L’accord Maroc-Espagne et la protection des ouvriers marocains
Le ministre Birou a précisé que le recours aux ouvriers marocains en Espagne est régi par un accord cadre signé en juillet 2001 entre les deux nations. Cet accord est une pierre angulaire pour assurer que les droits des travailleurs marocains soient respectés, en leur garantissant des conditions de travail, des salaires et une couverture sociale identiques à ceux de leurs homologues espagnols. Cette disposition est particulièrement cruciale dans des secteurs exigeants en main-d’œuvre comme la récolte des fruits rouges. Le ministre a également souligné que le secteur spécifique de la récolte de la fraise bénéficie d’un cadre réglementaire précis, issu d’un accord entre le gouvernement espagnol et les professionnels du secteur agricole. Ce dispositif assure que les ouvriers marocains jouissent des mêmes droits et protections que les travailleurs espagnols, renforçant ainsi la confiance et la stabilité dans ce partenariat. Pour assurer le bon déroulement de ces accords et le suivi des conditions de vie et de travail des ouvriers marocains, son ministère a mis en place une démarche d’évaluation continue. Cela inclut des rencontres régulières entre les gestionnaires espagnols, les professionnels du secteur et les représentants marocains, notamment dans des villes clés comme Cartaya, où l’embauche de milliers de ouvriers marocains pour la récolte des fraises est une tradition.

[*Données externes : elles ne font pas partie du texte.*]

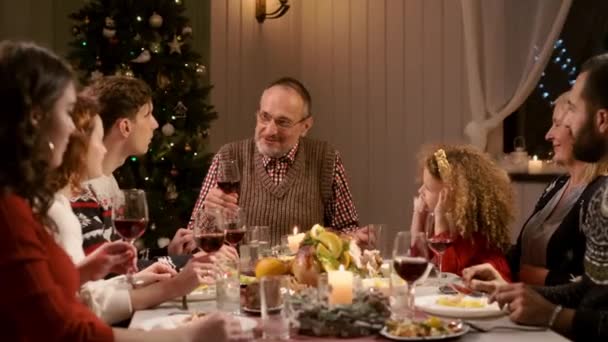 Nytt år. Familjen på julmiddagen. — Stockvideo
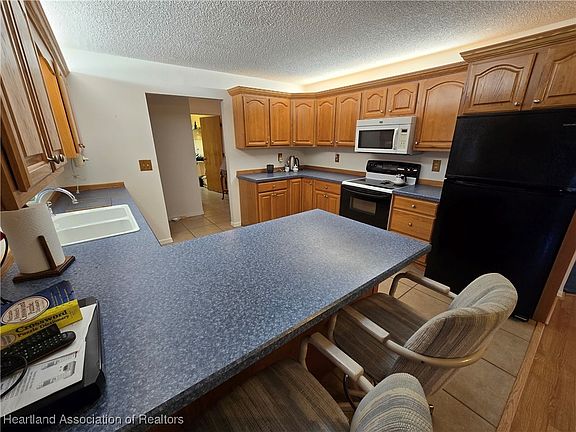 2nd image of 2520 W Greenlawn Rd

Contexte et Pression sur les ouvriers marocains dans le marché mondial
L’importance du flux d’ouvriers marocains vers l’Espagne ne peut être dissociée des pressions globales qui affectent le marché de la main-d’œuvre agricole. La demande croissante de produits agricoles frais en Europe, combinée à une démographie vieillissante dans certains pays européens et à une pénurie de main-d’œuvre locale, crée une demande constante pour des travailleurs saisonniers. Les agriculteurs espagnols, en particulier, dépendent fortement de cette main-d’œuvre pour des tâches intensives et chronophages comme la cueillette des fruits et légumes. Le Maroc, avec sa proximité géographique et sa large population active, est devenu un fournisseur essentiel de cette main-d’œuvre. Cependant, cette dépendance crée une situation où la pression sur les salaires et les conditions de travail peut être exacerbée si des accords solides et des mécanismes de contrôle ne sont pas en place. Le rôle des accords bilatéraux comme celui entre le Maroc et l’Espagne est donc fondamental pour encadrer ce phénomène, protéger les droits des ouvriers marocains et assurer une certaine stabilité pour les producteurs européens. Sans ces cadres, il y aurait un risque accru d’exploitation et de conditions précaires pour les travailleurs, tout en créant une incertitude pour les chaînes d’approvisionnement agricoles.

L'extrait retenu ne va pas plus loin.